Angela’s attention was caught by the television. “If you’ll put the biscuits in the oven? Three-seventy-five for twenty minutes.”
Later, while washing the dishes, Jefferson struggled with the sap that rose in her soapy arms. What did Margo do when she got home at night? Probably she went back out to a coffeehouse where she talked with poets about the mysteries of life—and love. Was there someone Margo loved? Or else she wandered the streets of the city, filled with the kinds of longings Jefferson had. Did she ever think of Jefferson?
Angela got ready for bed as Jefferson began her homework.
“What are you studying?” Angela offered her cheek for a good-night kiss.
“Research for a paper on the poetry. Remember, I read you some?”
“I know I’m a dummy, but I can’t tell one from the other. Were they the poems about England?”
“That was Wordsworth.”
“He made me want to travel.” Angela looked toward the plaid drape closed tight across the window that helped keep out the cold. Was that what Angela dreamed of these days? “Do you think we ever will?”
“I’ll have summers off once I start teaching. Angie, Angie,” she said, excited, “I know what we’ll do. We’ll train someone to run your shop by then.”
“What does all that poetry have to do with phys ed anyway?”
“Literature is part of the curriculum. I have to take it.”
Angela was gazing at the drapes. “Seriously, let’s start dreaming about where to go, all right, baby?”

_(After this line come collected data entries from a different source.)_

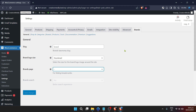Remember, a well-organized store is a shopper's delight. By taking the time to set up and manage brands, you're not just tidying up your website — you're also making it easier for customers to find what they're looking for, encouraging them to come back time and time again. Don't forget to regularly check for updates to your plugins and WooCommerce itself to keep your site running smoothly and securely.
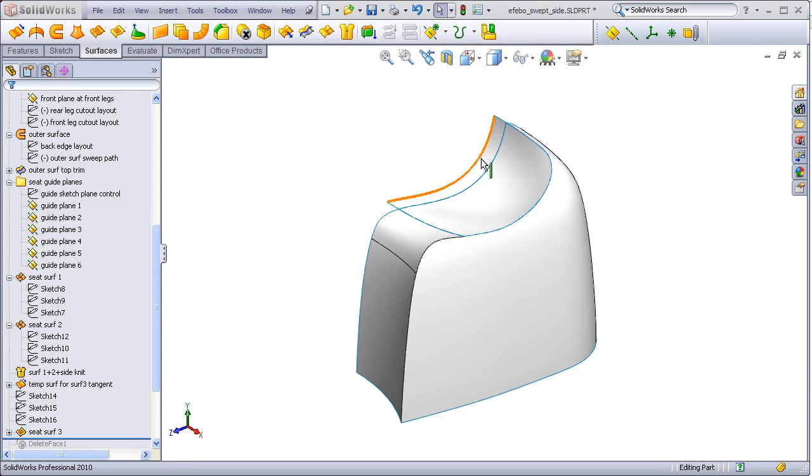To add constraints or guide curves to these surfaces, we first need to add some planes that they can be drawn upon.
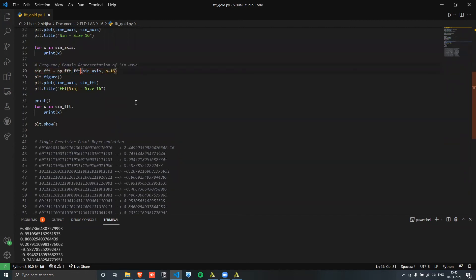Then we're plotting the Fourier transform of that: fft is equal to numpy.fft.fft, and since we have a 16-length vector we set the size to 16. Then we plot that to see how it looks.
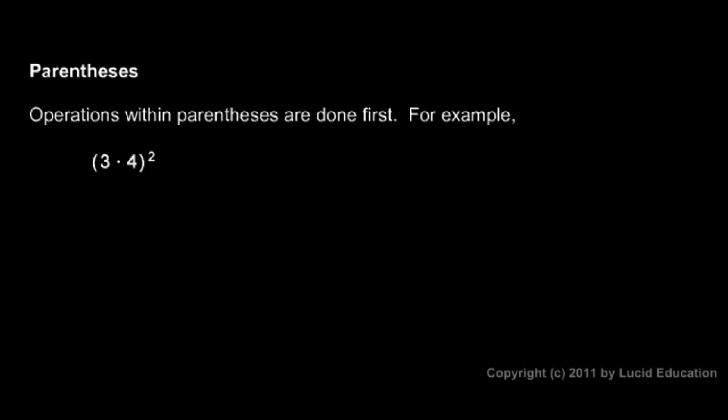When we have parentheses in our expression, we evaluate what is inside the parentheses first. In this case, these parentheses mean we have 3 times 4, and that thing, the 3 times 4, is then raised to the power of 2.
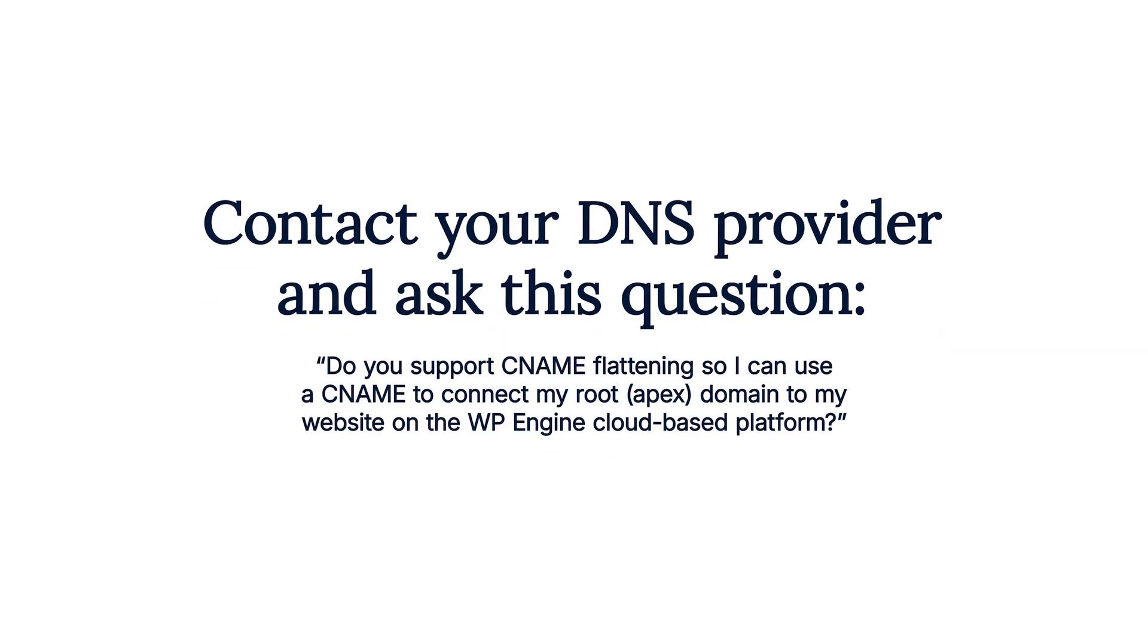So, what's your next step? We recommend reaching out to your domain provider and asking them if they support CNAME flattening, so you can use a CNAME to connect your root or apex domain to your website on the WP Engine cloud-based platform.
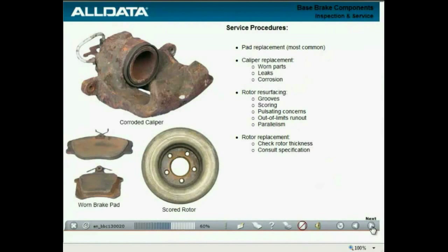When servicing disc brakes, the most common procedure is pad replacement. Caliper replacement is indicated if parts are worn or there is evidence of leaks or corrosion. Rotor resurfacing is required if there are grooves, scoring, pulsating concerns, out-of-limits runout, or parallelism. Depending on the rotor thickness and specifications, it may be replaced rather than resurfaced.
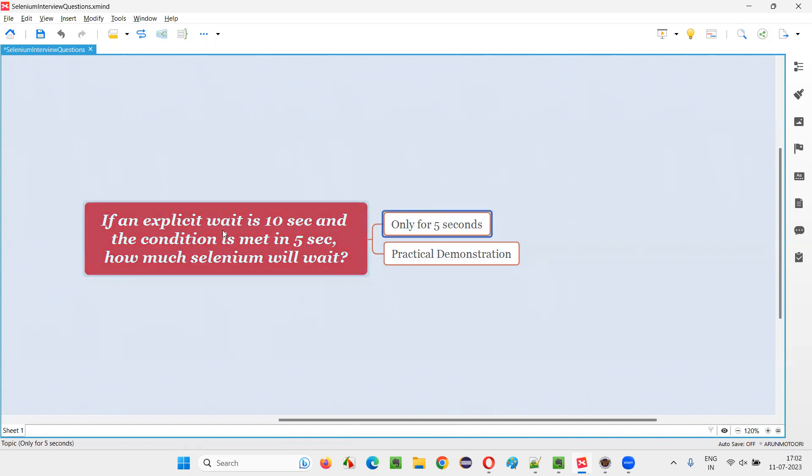This explicit wait or implicit wait, whatever the wait of Selenium that you talk about are smart waits. They are not like thread.sleep.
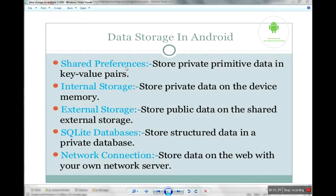But most of the time we are using SharedPreferences. So in this video I will show you one example of SharedPreferences. With the help of SharedPreferences we are storing some data. So let's start.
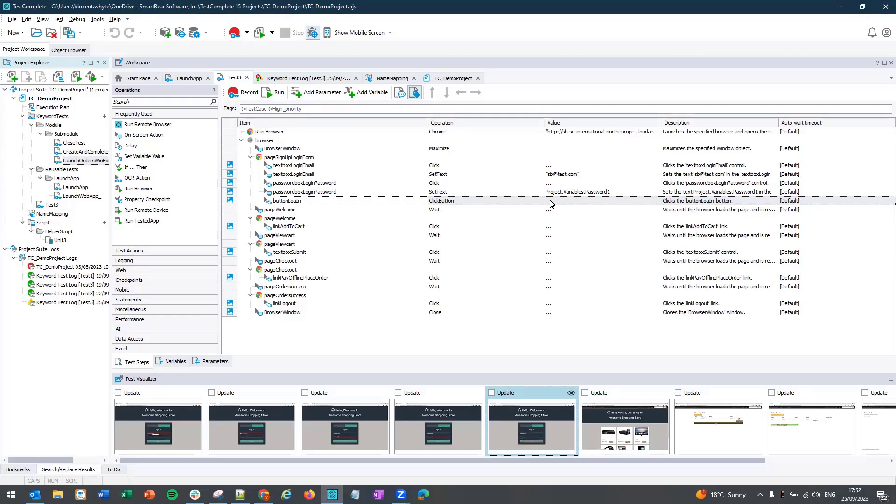In this video we'll run through how you can use the on-screen action operation and add manual steps into your test. So you've created a keyword test and you've just realized you need to add an additional step into your test. Rather than re-recording your test or adding an additional recording to your keyword test, you can easily add manual steps using on-screen actions.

She slipped an arm around Angela’s slender waist and pulled her close, nuzzling her belly with her nose.
Angela stepped back, her voice tight. “Not right now, baby. The cramping.”
“I’m sorry.” Jefferson turned to her books to hide the tears that leapt to her eyes. Maybe she was near her time too. There was no reason to feel rejected. Angela was sick tonight, wasn’t she?
At the bedroom doorway Angela stopped. “Jefferson, are you going to your grandparents’ for Easter?”
They’d be playing the newest opera recording they’d bought. The house would smell like honeyed ham. The dessert Jell-O would shimmy on a flower-patterned plate. She tried to keep a wary tone from her voice as she said, “You know I have to spend the afternoon there.”
“Just checking. I’ll go to my parents’.” Angela closed the bedroom door almost too carefully. Jefferson had complained about the violence of doors slammed in anger.
She’d heard the hope, then disappointment, and finally surrender in Angela’s few words. They went through their tug-of-war each holiday, Angela ready to make a partial break from her parents, Jefferson too full of guilt. Would there ever be a time they could stay home, cook their own turkeys and hams, maybe next fall go in to see the Thanksgiving Day parade together?
She sighed into her cup of coffee. How could they love each other, be each other’s family, be all they could be to each other and to themselves while their parents were still alive? The cloud sat so heavily on her she stared at her books more than she worked on her report.
When Thanksgiving came and Angela arrived back from her parents’ place on Cannon Street, she fell crying into Jefferson’s arms.